GLP Attorneys Washington Court of Appeals Case Raises Stakes for PIP and UIM Insurance Carriers That Deny Benefits Solely on the Basis of Own “Independent” Medical Experts

GLP Attorneys represented a victim of an automobile collision in a case that was taken up on appeal to the Washington Court of Appeals in May 2018.  Our client, Shannon Leahy, was dealing with her own auto insurer, State Farm, following a car crash. State Farm agreed she was not at fault, but then refused to pay her claim, arguing her medical treatment was unrelated to the crash. Ms. Leahy’s doctors opined her treatment was reasonable, necessary, and related to the crash, but State Farm ignored Ms. Leahy’s doctors in favor of the opinions of State Farm’s “independent” medical expert who opined Ms. Leahy’s treatment was unrelated. The issue on appeal asked if an insurance carrier can reasonably do that to its insured?
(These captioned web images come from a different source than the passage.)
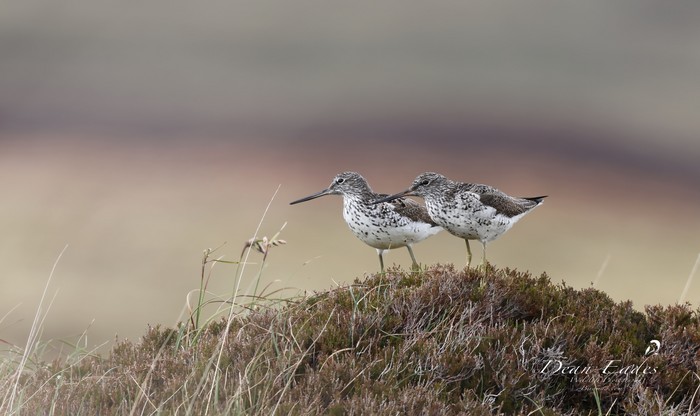 Greenshank
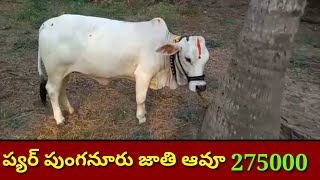 PURE PUNGANUR COW 8977009903 పుంగనూరు ఆవూ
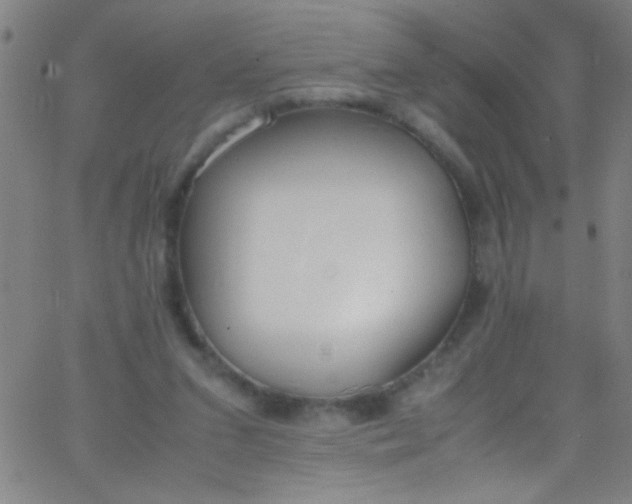 X0000067950207200604272108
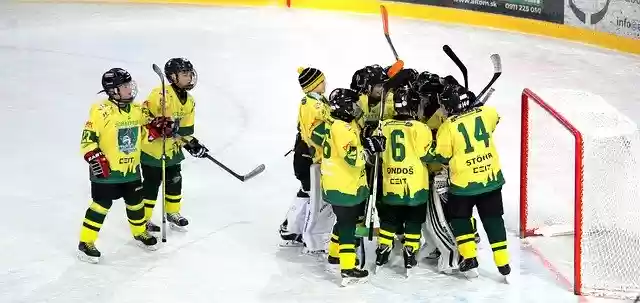 Free download Hockey Children Pupils -  free photo or picture to be edited with GIMP online image editor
In Ms. Leahy’s case, the answer from the Court of Appeals was “no.” The Washington Court of Appeals clarified that insurers may not ignore the opinions of their insureds’ physicians when making coverage determinations in Leahy v. State Farm Mutual Automobile Insurance Company, No. 76272-9-I (read a copy of the opinion: http://www.courts.wa.gov/opinions/pdf/762729.pdf).

Ms. Leahy was injured when her vehicle was struck hard from behind by another driver. The other driver was at fault, but had insufficient insurance to cover Ms. Leahy’s injuries. Accordingly, Ms. Leahy made a claim with her auto insurance carrier State Farm, with whom she had paid for coverage for Personal Injury Protection (“PIP”) and Underinsured Motorist coverage (“UIM”).
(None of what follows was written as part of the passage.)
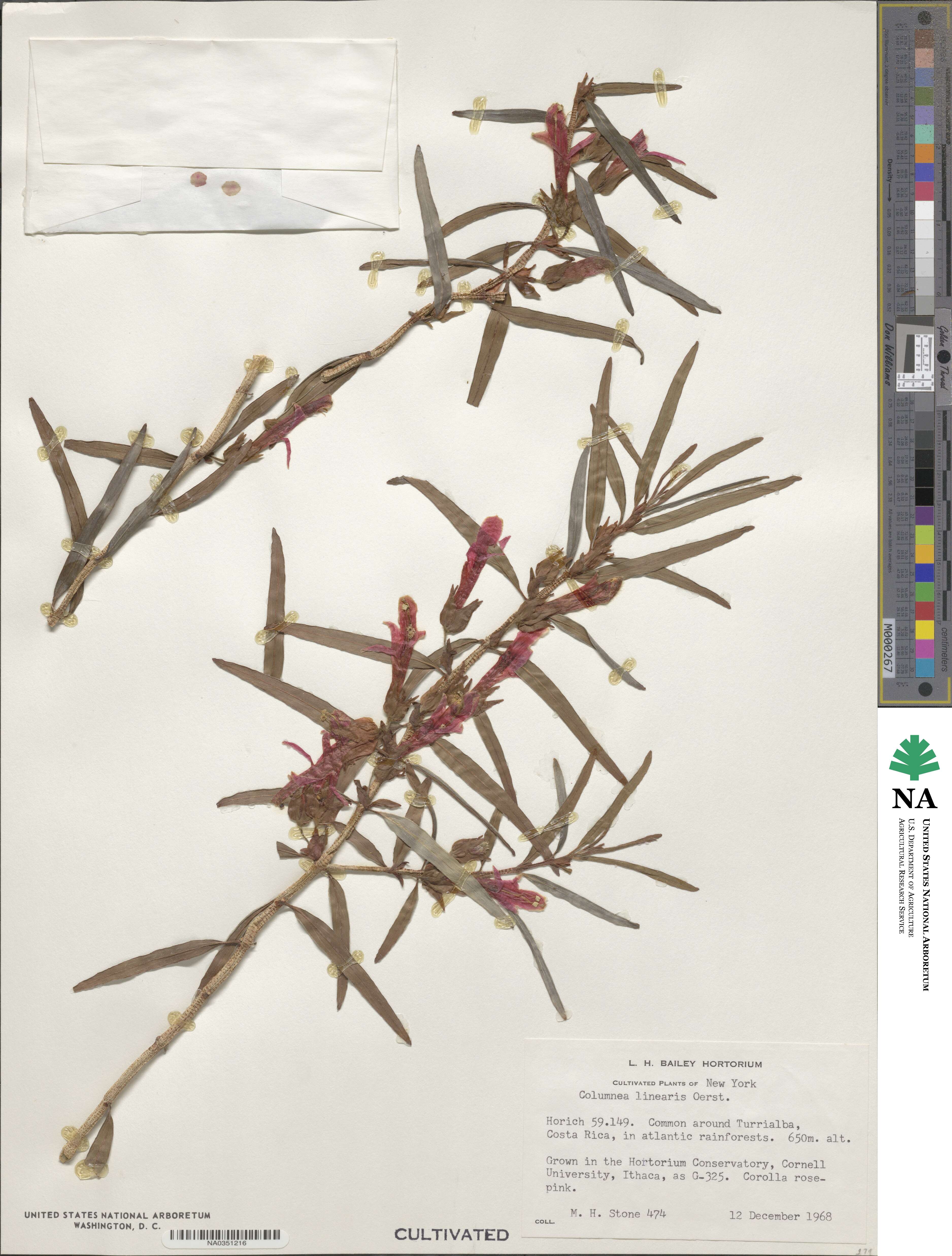 Columnea linearis image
Ms. Leahy was still receiving medical treatment from her injuries two years after the crash, as directed by her own doctors. State Farm asked her to undergo an “independent” medical examination with a third party doctor chosen by State Farm to determine whether her ongoing treatment was reasonable and medically necessary. State Farm’s third party doctor opined that Ms. Leahy’s treatment was excessive. Thereafter, State Farm denied coverage of Ms. Leahy’s ongoing treatment under her PIP coverage. State Farm also disputed whether Ms. Leahy’ UIM policy covered her injuries because she had some pre-existing conditions before the crash. State Farm’s adjuster concluded Ms. Leahy’s injuries were not caused by the collision. Ms. Leahy, through her attorneys at GLP Attorneys, argue that the crash aggravated her pre-existing medical condition and thus that the aggravated injury was covered under the State Farm policy.

The dispute went to trial, at which the jury found in favor of Ms. Leahy. State Farm paid the policy limits. GLP Attorneys, on behalf of Ms. Leahy, then asserted new claims for bad faith premised on State Farm’s handling of her claim. The trial court dismissed Ms. Leahy’s claims and she appealed.
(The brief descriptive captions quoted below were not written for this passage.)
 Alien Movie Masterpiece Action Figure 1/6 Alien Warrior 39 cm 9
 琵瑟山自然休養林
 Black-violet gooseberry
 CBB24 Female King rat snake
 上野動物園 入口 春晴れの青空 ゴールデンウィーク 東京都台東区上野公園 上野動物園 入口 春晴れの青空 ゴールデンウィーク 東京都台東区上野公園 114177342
On appeal, the Court of Appeals reinstated Ms. Leahy’s claims. The court determined State Farm violated the law by failing to consider the opinions of Ms. Leahy’s treating physicians that her injuries were aggravated by the crash. Ms. Leahy’s physicians were both board-certified rheumatologists and University of Washington faculty. The court determined there was a reasonable dispute whether State Farm could simply ignore their opinions. At minimum, Ms. Leahy was entitled to have a jury decide whether State Farm’s conduct was reasonable.

The court also determined State Farm’s low offer compared to Ms. Leahy’s recovery at trial could potentially show State Farm acted in bad faith. The court emphasized the proper analysis was what State Farm knew at the time it made the offer, not after trial. Given the evidence showed a legitimate conflict between State Farm’s position that Ms. Leahy’s injuries were mostly unrelated to the crash and the opinions of Ms. Heahy’s treating physicians, the court determined Ms. Leahy was entitled to a trial on this issue.

GLP Attorneys is proud of its appellate advocacy in this case, and the Leahy decision is an important win for Washington policyholders because it emphasizes insurers may not categorically ignore the opinions of the insured’s treating physicians in order to deny coverage.